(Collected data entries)
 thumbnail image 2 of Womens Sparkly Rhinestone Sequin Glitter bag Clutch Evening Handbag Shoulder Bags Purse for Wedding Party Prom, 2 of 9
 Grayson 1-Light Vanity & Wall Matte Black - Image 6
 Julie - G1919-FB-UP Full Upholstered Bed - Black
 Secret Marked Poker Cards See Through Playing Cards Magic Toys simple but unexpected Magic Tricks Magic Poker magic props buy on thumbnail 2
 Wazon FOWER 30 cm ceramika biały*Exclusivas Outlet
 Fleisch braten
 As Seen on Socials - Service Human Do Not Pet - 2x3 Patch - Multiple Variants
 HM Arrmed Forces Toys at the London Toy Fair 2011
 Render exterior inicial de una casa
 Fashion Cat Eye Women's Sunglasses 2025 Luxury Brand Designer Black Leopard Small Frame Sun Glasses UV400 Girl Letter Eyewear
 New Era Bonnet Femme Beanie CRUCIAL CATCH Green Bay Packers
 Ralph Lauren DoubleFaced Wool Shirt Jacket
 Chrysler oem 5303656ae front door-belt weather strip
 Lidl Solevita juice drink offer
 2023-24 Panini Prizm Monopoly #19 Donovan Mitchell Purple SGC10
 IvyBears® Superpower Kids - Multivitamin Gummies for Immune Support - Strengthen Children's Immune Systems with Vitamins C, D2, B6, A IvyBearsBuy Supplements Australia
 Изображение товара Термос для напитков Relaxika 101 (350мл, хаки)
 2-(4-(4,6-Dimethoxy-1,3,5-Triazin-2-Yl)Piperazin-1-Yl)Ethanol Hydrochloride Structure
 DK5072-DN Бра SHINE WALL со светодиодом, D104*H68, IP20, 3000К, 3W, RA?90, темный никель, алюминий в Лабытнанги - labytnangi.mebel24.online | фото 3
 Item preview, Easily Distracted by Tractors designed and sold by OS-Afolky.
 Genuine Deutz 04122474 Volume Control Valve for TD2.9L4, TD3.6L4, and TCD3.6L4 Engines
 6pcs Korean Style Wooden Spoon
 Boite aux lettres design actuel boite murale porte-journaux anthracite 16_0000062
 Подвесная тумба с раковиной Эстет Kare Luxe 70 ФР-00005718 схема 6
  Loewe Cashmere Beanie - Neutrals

ACTIVITY —
Transcribe the data in full, matching every line exactly.

OUTPUT OF THE EXERCISE —
 thumbnail image 2 of Womens Sparkly Rhinestone Sequin Glitter bag Clutch Evening Handbag Shoulder Bags Purse for Wedding Party Prom, 2 of 9
 Grayson 1-Light Vanity & Wall Matte Black - Image 6
 Julie - G1919-FB-UP Full Upholstered Bed - Black
 Secret Marked Poker Cards See Through Playing Cards Magic Toys simple but unexpected Magic Tricks Magic Poker magic props buy on thumbnail 2
 Wazon FOWER 30 cm ceramika biały*Exclusivas Outlet
 Fleisch braten
 As Seen on Socials - Service Human Do Not Pet - 2x3 Patch - Multiple Variants
 HM Arrmed Forces Toys at the London Toy Fair 2011
 Render exterior inicial de una casa
 Fashion Cat Eye Women's Sunglasses 2025 Luxury Brand Designer Black Leopard Small Frame Sun Glasses UV400 Girl Letter Eyewear
 New Era Bonnet Femme Beanie CRUCIAL CATCH Green Bay Packers
 Ralph Lauren DoubleFaced Wool Shirt Jacket
 Chrysler oem 5303656ae front door-belt weather strip
 Lidl Solevita juice drink offer
 2023-24 Panini Prizm Monopoly #19 Donovan Mitchell Purple SGC10
 IvyBears® Superpower Kids - Multivitamin Gummies for Immune Support - Strengthen Children's Immune Systems with Vitamins C, D2, B6, A IvyBearsBuy Supplements Australia
 Изображение товара Термос для напитков Relaxika 101 (350мл, хаки)
 2-(4-(4,6-Dimethoxy-1,3,5-Triazin-2-Yl)Piperazin-1-Yl)Ethanol Hydrochloride Structure
 DK5072-DN Бра SHINE WALL со светодиодом, D104*H68, IP20, 3000К, 3W, RA?90, темный никель, алюминий в Лабытнанги - labytnangi.mebel24.online | фото 3
 Item preview, Easily Distracted by Tractors designed and sold by OS-Afolky.
 Genuine Deutz 04122474 Volume Control Valve for TD2.9L4, TD3.6L4, and TCD3.6L4 Engines
 6pcs Korean Style Wooden Spoon
 Boite aux lettres design actuel boite murale porte-journaux anthracite 16_0000062
 Подвесная тумба с раковиной Эстет Kare Luxe 70 ФР-00005718 схема 6
  Loewe Cashmere Beanie - Neutrals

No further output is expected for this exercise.